OAuth 2.0 Scope Builder: Build and Decode Permission Strings for Google, GitHub, and Stripe
Choosing the right OAuth 2.0 scopes is one of the most important security decisions in API integration. Requesting too many permissions makes users distrust your app and may violate platform policies. Requesting too few breaks features that need specific access.
Our OAuth Scope Builder lets you visually select scopes for Google, GitHub, and Stripe with clear risk indicators for each permission, then generates the exact scope string to use in your authorization URL.
OAuth scopes are passed as a space-separated string in the authorization URL:
Google OAuth Scope Categories
Identity scopes (openid, email, profile): Low risk, return basic user info
Drive scopes: Range from low (app-only files) to high (full file system access)

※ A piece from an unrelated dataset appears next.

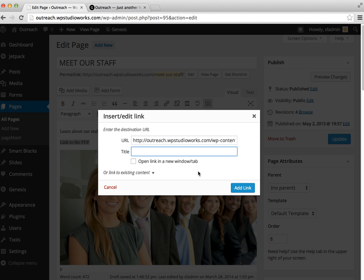Now the title field refers to the little text that you see when you hover over a link on a web page, and we can fill that in. It can be whatever you like.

Gmail scopes: All medium to high risk - can read private emails and send on user's behalf
Calendar/Sheets scopes: Medium risk for read, high risk for write/full access
GitHub Scope Best Practices
For reading public repos: use public_repo instead of repo
For reading user data: use read:user instead of user
Never request delete_repo unless your app literally deletes repositories
For organization data: use read:org, not admin:org
Practical Examples
Google login only
- 1.Scopes: openid email profile
- 2.Risk: All low
- 3.Use case: Sign in with Google, show name and avatar
Google Drive backup app
- 1.Scopes: https://www.googleapis.com/auth/drive.file
- 2.Risk: Low (app files only)
- 3.Use case: Read and write only files your app creates
Frequently Asked Questions
What are OAuth 2.0 scopes?
OAuth 2.0 scopes define what permissions an application is requesting from the user. When a user authorizes your app, they grant access only to the specific resources listed in the scope parameter. For example, requesting only 'email' gives you the user's email address but not their files or calendar.
How do I use the generated scope string?
Add the scope string as the 'scope' query parameter in your OAuth authorization URL. For example: https://accounts.google.com/o/oauth2/auth?scope=openid%20email%20profile&.... URL-encode the string when adding it to a URL (spaces become %20).
What does the risk level mean?
Low risk scopes (green) access only basic profile data or read-only non-sensitive information. Medium risk (amber) scopes can read sensitive data or send actions on behalf of the user. High risk (red) scopes grant destructive or broad access like full file access, account deletion, or full API control.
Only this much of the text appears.